When last seen in a Maple Leafs uniform (the team was not yet fighting for its playoff life), Wellwood was on pace for a 20-goal season and he was the quarterback of the fifth-ranked power play in the league.

Not to mention that teamed with Mats Sundin, he was helping make Darcy Tucker a multi-million dollar, goal-scoring machine.

Not bad for a guy just in his second year in the NHL.

Not too shabby for a guy who was too small for the American Hockey League.

Too good to be true? Yep. On Dec. 19 he thought he'd pulled his groin. More than a month later he had a hernia operation.

Toronto has been fighting to keep its head above the playoff cutoff ever since.

"He's pretty much the key element of the power play. He's got the patience with the puck."

He's got great poise out there and he can make unbelievable plays," Ian White, the point man with Bryan McCabe on the first power-play unit, said yesterday. "His vision is some of the best in the league. When he's out there it makes everything easier for everyone else."

When the other team's penalty killers don't have Wellwood to deal with, it results in less room for McCabe or Mats Sundin. Suddenly Tucker doesn't find the puck on his stick as often, or as quickly. Suddenly the team is 17th in the league on the power play. Suddenly there are 14 games left to save a season and become this year's Edmonton Oilers.

So, Wellwood's return couldn't come at a more urgent time.

"We miss him. He handles the puck so well. He moves around. We're not sure what he's doing out there so they can't be either," Maurice said. Nice to know they at least haven't lost their sense of humour.

"What Kyle allows us to do is make plays at the blueline. He'll give us a different look," Maurice said.

"He moves laterally, forward and backward as well as anyone in the game. He can work in a small area. Guys come within three feet but he'll still control the puck. He won't panic.

"He'll get the puck to Mats ... if (Sundin) isn't getting his opportunities it's usually because we're not doing enough around him ... Kyle gives Darcy options ... stay at the post or come to the front of the net ... he can hit McCabe on the backdoor."

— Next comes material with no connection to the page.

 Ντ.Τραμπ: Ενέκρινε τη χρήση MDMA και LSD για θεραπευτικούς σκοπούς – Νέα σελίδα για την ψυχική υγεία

Despite 15 minutes of power-play time in Thursday's 5-1 loss to Ottawa, Sundin did not get a shot. That'll have to change for a happier outcome in the rematch. So, Wellwood will play the power play although neither he nor Maurice are certain how much he'll be able to contribute on a regular shift. "I'm expecting to be tired the whole game. Coming off an injury, it's hard to judge how you'll react through your first game," Wellwood said.

Not exactly words to inspire what looked like Team Lazarus from the grave between Thursday and tonight.

"I'm not sure if I'm at centre or wing, I don't know if I'll play my full 15-18 minutes. I've been skating for two weeks and the hands are starting to come back. I handle the puck a lot and make some good passes and that's always an asset on the power play. That's what I'm going to try to bring."

It might not be enough. Toronto hasn't shown all year it can play with the elite. It went through a seven game losing streak in December -- and that was with Wellwood in the lineup. They are still without Tomas Kaberle, as intricate a piece of the power play as Wellwood. Ditto Mike Peca.

"Injuries ... it was the same last year," White sighed. So, how good is this team? With pieces consistently missing, even the players couldn't know.

"We don't sit around reminiscing about 'what if,'" White said, "but I think we'd be among the best in the league. It could be fun if everyone gets back.

"It would be nice to get a chance to see what could happen."